# Doesn't say who tipped



## DRider85 (Nov 19, 2016)

Got a 2 dollar tip yesterday and in the history it doesn't say who it was from.


----------



## Uberfunitis (Oct 21, 2016)

A tip from a previous days trips?


----------



## PrestonT (Feb 15, 2017)

It was from Uberfunitis. He insisted it remains anonymous so it doesn't destroy his online persona.


----------



## Uberfunitis (Oct 21, 2016)

PrestonT said:


> It was from Uberfunitis. He insisted it remains anonymous so it doesn't destroy his online persona.


Not at all, I am more than willing to tip when there is incentive to do so.


----------



## DRider85 (Nov 19, 2016)

Uberfunitis said:


> A tip from a previous days trips?


Doubt it. It says that day.


----------



## DocT (Jul 16, 2015)

DRider85 said:


> Got a 2 dollar tip yesterday and in the history it doesn't say who it was from.


You got a tip. What are you complaining about again?


----------



## Yulli Yung (Jul 4, 2017)

DRider85 said:


> Got a 2 dollar tip yesterday and in the history it doesn't say who it was from.


Does it MATTER???


----------



## DenverRose (Jul 3, 2017)

PrestonT said:


> It was from Uberfunitis. He insisted it remains anonymous so it doesn't destroy his online persona.


Uberfuntis does not like to Tip? Why not?


----------



## PrestonT (Feb 15, 2017)

DenverRose said:


> Uberfuntis does not like to Tip? Why not?


LOL I'll add this to my list of reasons I know you're a troll. A funny troll, though.


----------



## DenverRose (Jul 3, 2017)

PrestonT said:


> LOL I'll add this to my list of reasons I know you're a troll. A funny troll, though.


Haha. I'm joking. I know Uberfuntis does not like tips.


----------



## PrestonT (Feb 15, 2017)

DenverRose said:


> Haha. I'm joking. I know Uberfuntis does not like tips.

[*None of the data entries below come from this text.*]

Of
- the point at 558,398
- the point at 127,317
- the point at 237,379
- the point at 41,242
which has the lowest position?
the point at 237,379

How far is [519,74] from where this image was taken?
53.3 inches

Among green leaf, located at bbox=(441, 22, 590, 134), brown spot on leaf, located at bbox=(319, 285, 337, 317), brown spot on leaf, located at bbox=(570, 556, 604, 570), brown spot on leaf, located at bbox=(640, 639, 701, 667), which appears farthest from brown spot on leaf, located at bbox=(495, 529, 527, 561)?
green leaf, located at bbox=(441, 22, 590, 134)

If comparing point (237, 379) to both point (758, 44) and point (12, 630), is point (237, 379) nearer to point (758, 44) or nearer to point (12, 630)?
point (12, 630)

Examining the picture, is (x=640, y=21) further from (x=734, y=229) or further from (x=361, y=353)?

I know you're joking. That's why you're a funny troll!


----------



## effortx2 (Jun 21, 2017)

So when you click on transactions, and click on the tip amount, it doesn't give you the option to look at the trip history? Does it even say the day it occurred?


----------



## DRider85 (Nov 19, 2016)

effortx2 said:


> So when you click on transactions, and click on the tip amount, it doesn't give you the option to look at the trip history? Does it even say the day it occurred?

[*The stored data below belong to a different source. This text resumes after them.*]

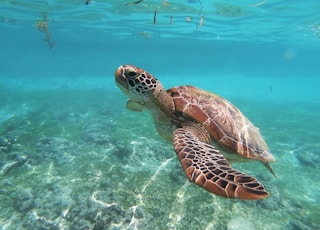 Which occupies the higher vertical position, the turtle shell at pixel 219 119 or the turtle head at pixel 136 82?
the turtle head at pixel 136 82

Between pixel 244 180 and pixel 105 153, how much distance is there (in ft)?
20.8

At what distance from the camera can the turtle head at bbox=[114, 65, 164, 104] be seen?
3.66 meters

Now I see it but 2 days after he tipped.


----------



## effortx2 (Jun 21, 2017)

That's a little disappointing, I think anonymous tipping would be a really good feature to add.


----------



## Trafficat (Dec 19, 2016)

effortx2 said:


> That's a little disappointing, I think anonymous tipping would be a really good feature to add.

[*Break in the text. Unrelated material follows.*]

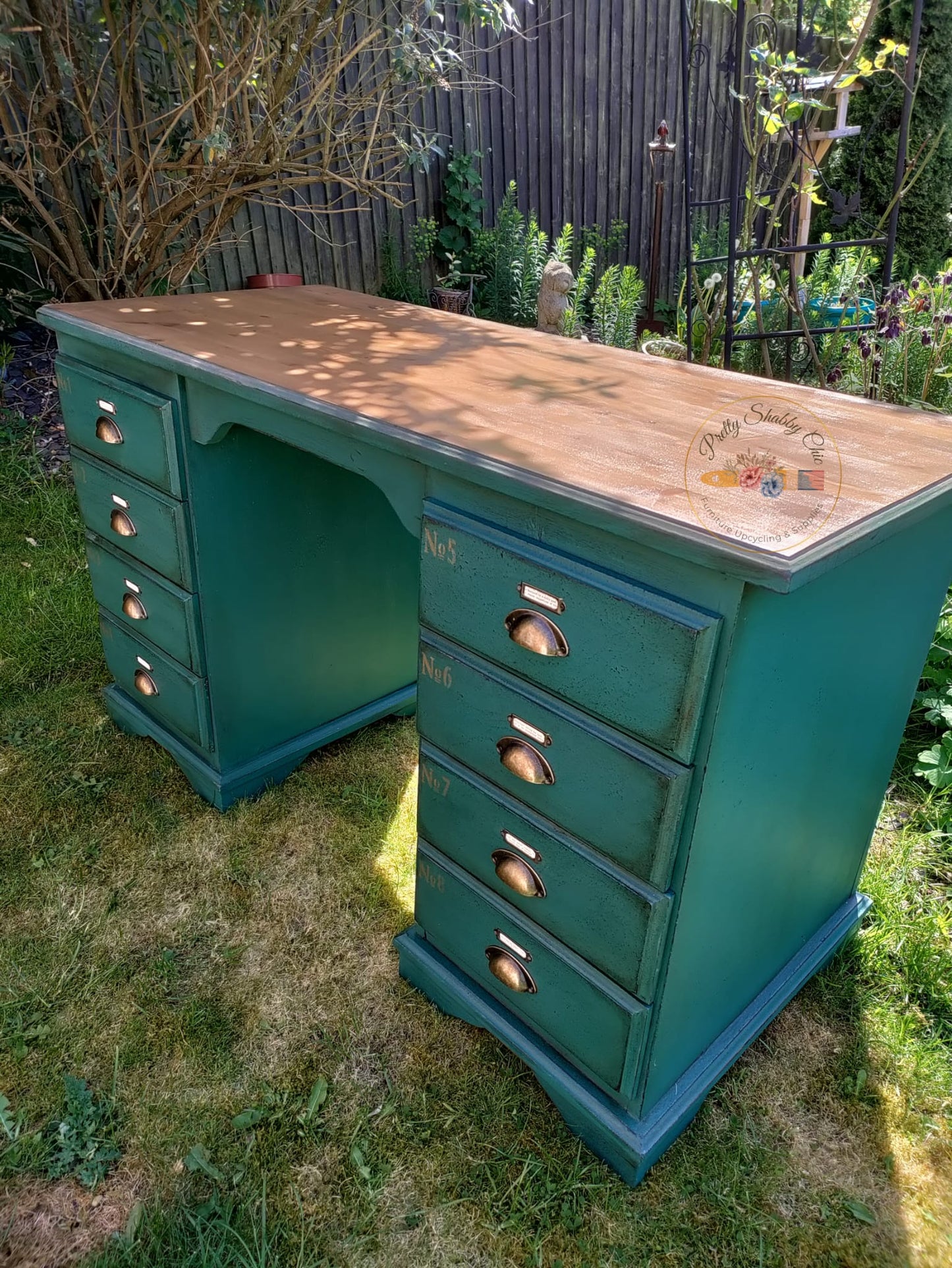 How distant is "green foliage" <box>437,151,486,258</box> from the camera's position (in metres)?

I disagree. I often have repeat passengers. I will drive a LOT farther if I know I'm going to get a good tip out of it. There is a guy I pick up and EVERY time I pick him up I get a $10 bill.

If tips were anonymous he'd not benefit from his generosity.

I have another pax that I have had multiple times on Lyft... never a tip. That's fine, but her rides are often REALLY short too, like two blocks. I would not take the ping if it was 28 minutes away but I take her pings if they are less than 15 minutes. 15 minutes is generous because she's a really pleasant person. For a stranger (like Uber where we can't see the names) I would probably skip even the 15 min ETA. I'll go a little farther out of my way for someone who will be pleasant and even farther out of my way for someone who will make it worth my time.

Hiding information about tips, destination, passenger name, etc. is almost NEVER good for the rider or driver. It forces the driver to assume the worst.

I also go farther out of my way on Lyft for a new passenger or a passenger rated over 4.8 stars. I hear in Chicago they don't show even rating. On Uber I do not, because the perfect 5's are reset ratings more often than new riders.

I like new riders because their expectations are lower as they often come from cabs. To a new rider, I provide a great ride, 5 stars. To all the guys used to being picked up in Select cars on X I think some rate me down just for my clunker alone.

If all I got was the pickup address of the ping, I'd probably not take any ping over 5 minutes away.


----------



## effortx2 (Jun 21, 2017)

Well I meant it as an optional feature, not for every single tip. Some passengers like the attention, and there are probably many who don't. I think if it adds at least one tip to the cashout then it will have been worth it.


----------